The maze-like setup of the installation and the twisting serpent-like dried and cracked clay object that runs along the installation floor makes this piece a large warning for those attempting to cross any kind of border.

In San Diego we are well aware of the issues of illegal immigration on the U.S.-Mexico border, but the ambiguity of the artist’s symbols reminds us that many barriers, such as racial and sexual ones, also still exist in our society, and even passing successfully over to the other side can be treacherous.

Nanette Yannuzzi Macias’s installation, “Skin: Three Stories and a Lie,” explores the large issues of modern technology, medical science and the female body from the point of view of one who is dealing with personal illness as well as sex biases.

Macia’s installation is in a separate room, cut off from the other works by a wall with a low doorway and curtains made from gauze. A television set, also wrapped in gauze, hangs from the ceiling and on either side are wooden bleachers. One hears a woman randomly counting and the haunting strains of a cello. The video screen displays close-up imagery of the hands of a cellist playing the instrument.

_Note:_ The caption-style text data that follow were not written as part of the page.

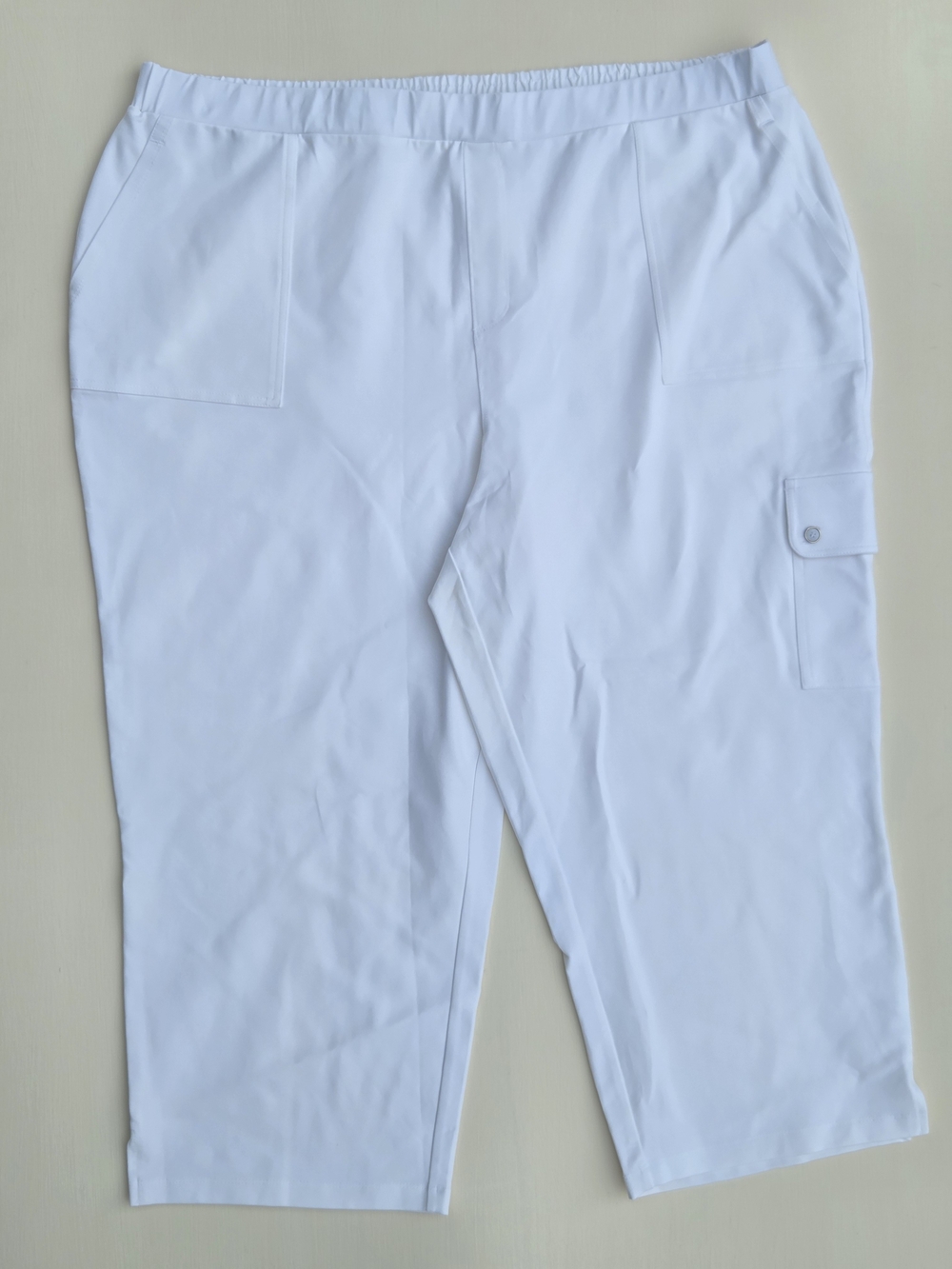 Susan Graver Weekend Premium Stretch Pull-on Crop Pant Size-2X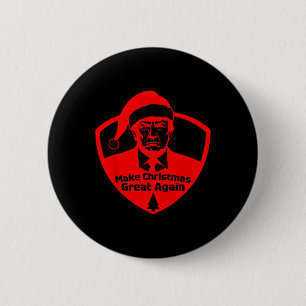 Make Christmas Great Again Funny President Trump M 2 Inch Round Button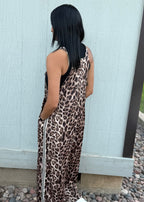 Karli Silky Cheetah Overalls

On the bleachers are assorted objects that include casts of the artist’s body, photographs of body parts, and inexplicable mechanical and seemingly barbaric objects of the artist’s design. One object is a propeller made from wooden forks and spoons that moves through a tank of green anti-freeze. Also included are headphones, each of which relates short personal vignettes that explain the artist’s inclusion of certain objects. For example, she talks of stairs that go nowhere and a propeller that achieves nothing.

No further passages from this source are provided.